RECORDED DATA
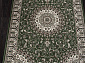 GAVANA-A D409 GREEN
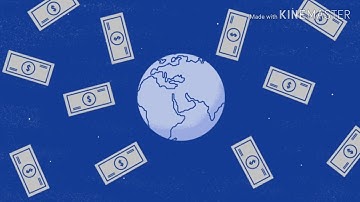 Tetragraph informationsfilm webversion, Unimedics Co., Ltd.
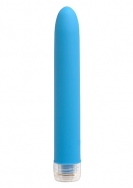 Luv Touch - Vibe - Blue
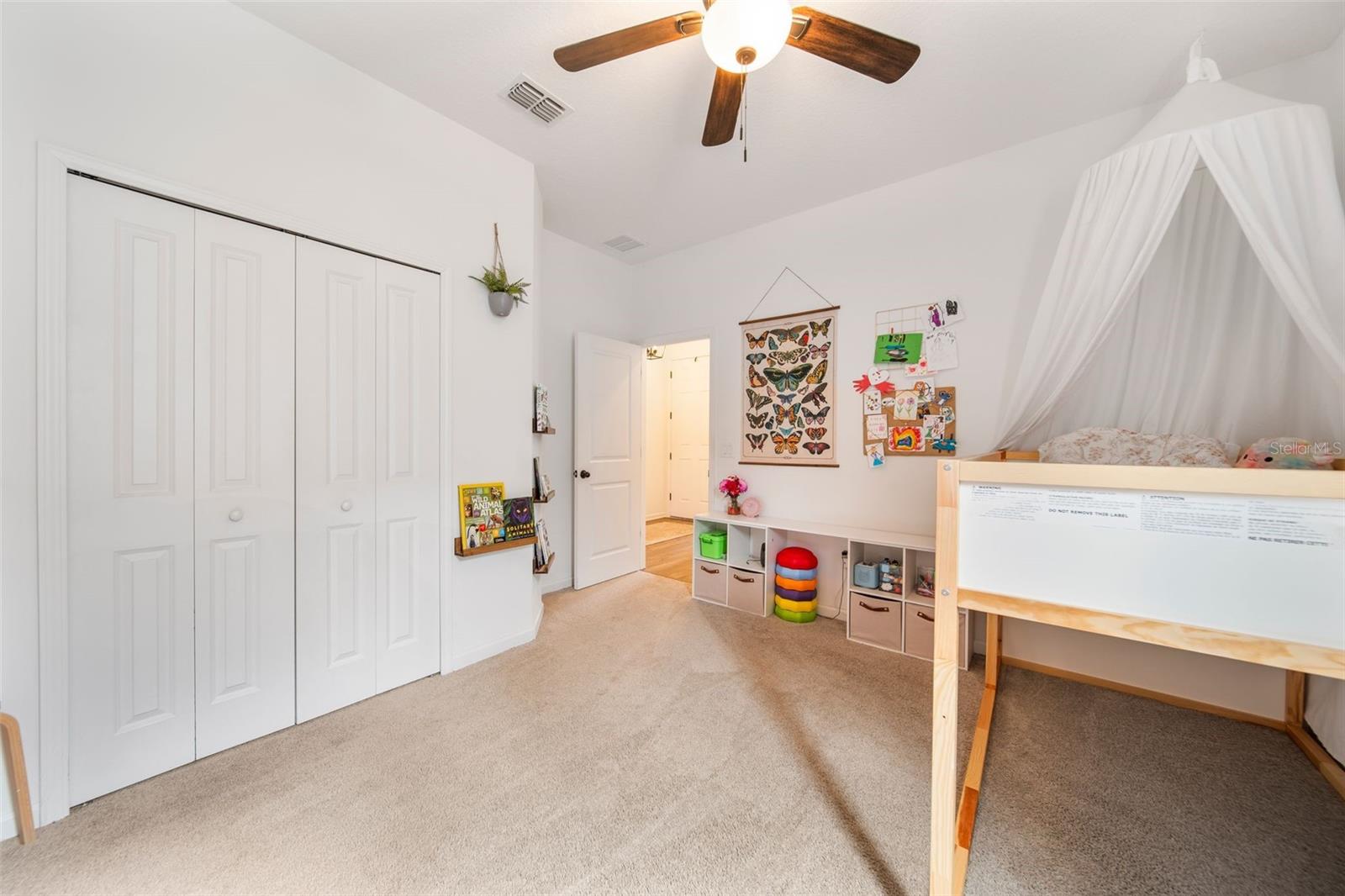 704 HYPERION DR, DEBARY, FL, 32713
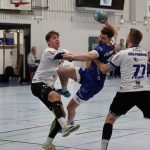 20250118_TSGMünster_vs_HSGPohlheim 283 20250118_TSGMünster_vs_HSGPohlheim 283
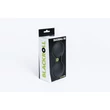BLACKROLL OFFICE BOX- SMR MASSZÁZSHENGER SZETT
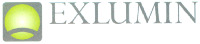 EXLUMIN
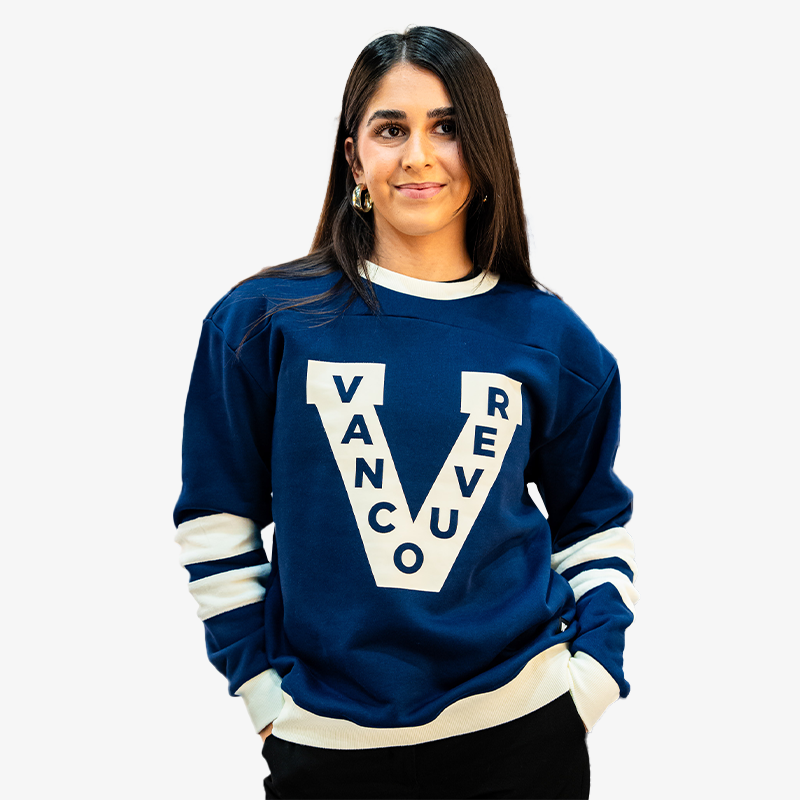 Canucks millionaires jersey sales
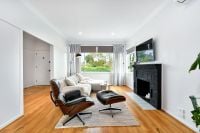4 Catherine Parade, Frankston VIC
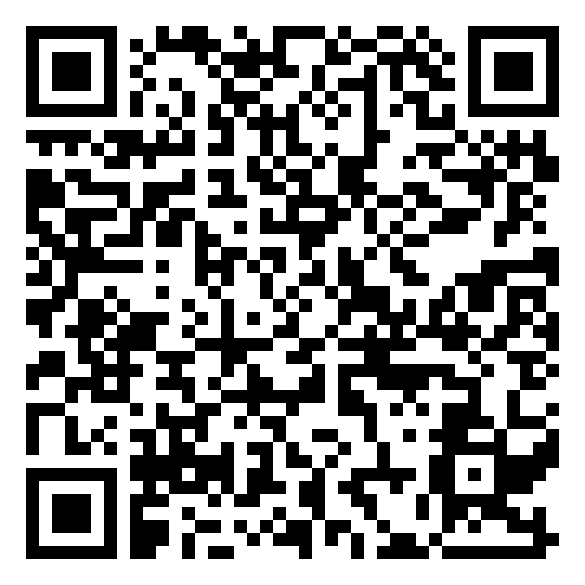 QR code 36980237000000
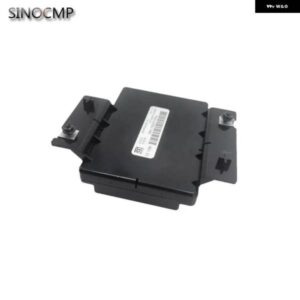 ブランド コントロール モジュール P68105017AE 68105017AB 68105017AC 68105017AD 2013-2015 ダッジ ラム 1500 3500 カー モジュール カーパーツ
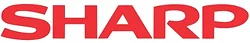 SHARP NEC-SHRMX70NVBA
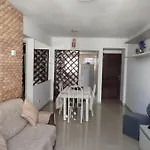 Apto Ponta Verde
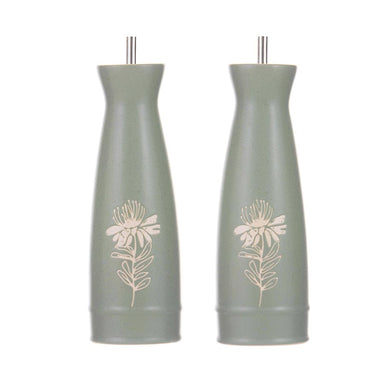 Ladelle Esperance Oil & Vinegar Set | Koop.co.nz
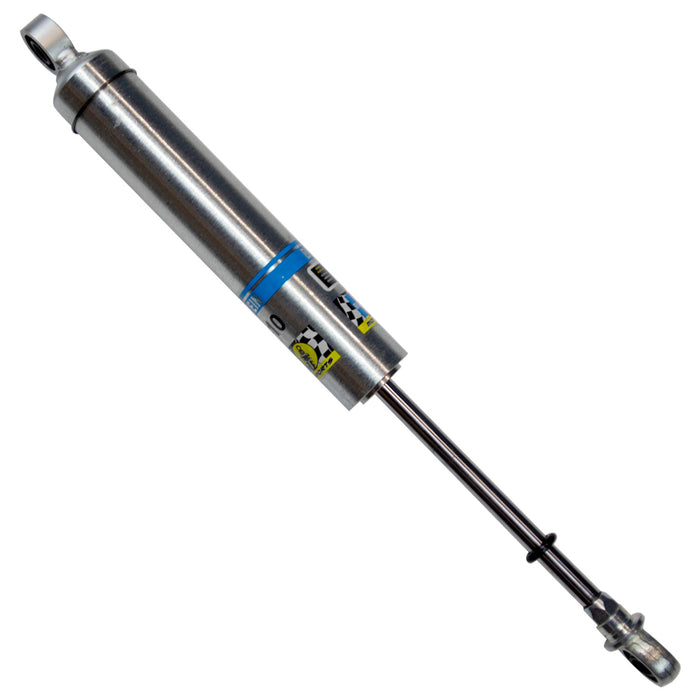 Bilstein 33-321585 SZ Series - Suspension Shock Absorber - Truck Part Superstore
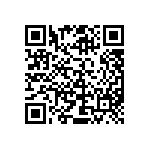 MBA02040C3830FC100 QRCode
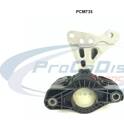 Motorlager PROCODIS - PCM735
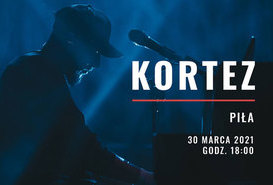 Kortez Kwadro Tour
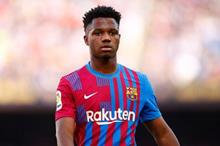 أنسو-فاتي-أنا-وعائلتي-مسلمون-1170x780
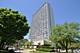 5100 N Marine Unit 20H, Chicago, IL 60640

YOUR OBJECTIVE
Restate the entries above word for word, minus the pictures.

TASK SOLUTION
 GAVANA-A D409 GREEN
 Tetragraph informationsfilm webversion, Unimedics Co., Ltd.
 Luv Touch - Vibe - Blue
 704 HYPERION DR, DEBARY, FL, 32713
 20250118_TSGMünster_vs_HSGPohlheim 283 20250118_TSGMünster_vs_HSGPohlheim 283
BLACKROLL OFFICE BOX- SMR MASSZÁZSHENGER SZETT
 EXLUMIN
 Canucks millionaires jersey sales
4 Catherine Parade, Frankston VIC
 QR code 36980237000000
 ブランド コントロール モジュール P68105017AE 68105017AB 68105017AC 68105017AD 2013-2015 ダッジ ラム 1500 3500 カー モジュール カーパーツ
 SHARP NEC-SHRMX70NVBA
 Apto Ponta Verde
 Ladelle Esperance Oil & Vinegar Set | Koop.co.nz
 Bilstein 33-321585 SZ Series - Suspension Shock Absorber - Truck Part Superstore
 MBA02040C3830FC100 QRCode
 Motorlager PROCODIS - PCM735
 Kortez Kwadro Tour
 أنسو-فاتي-أنا-وعائلتي-مسلمون-1170x780
 5100 N Marine Unit 20H, Chicago, IL 60640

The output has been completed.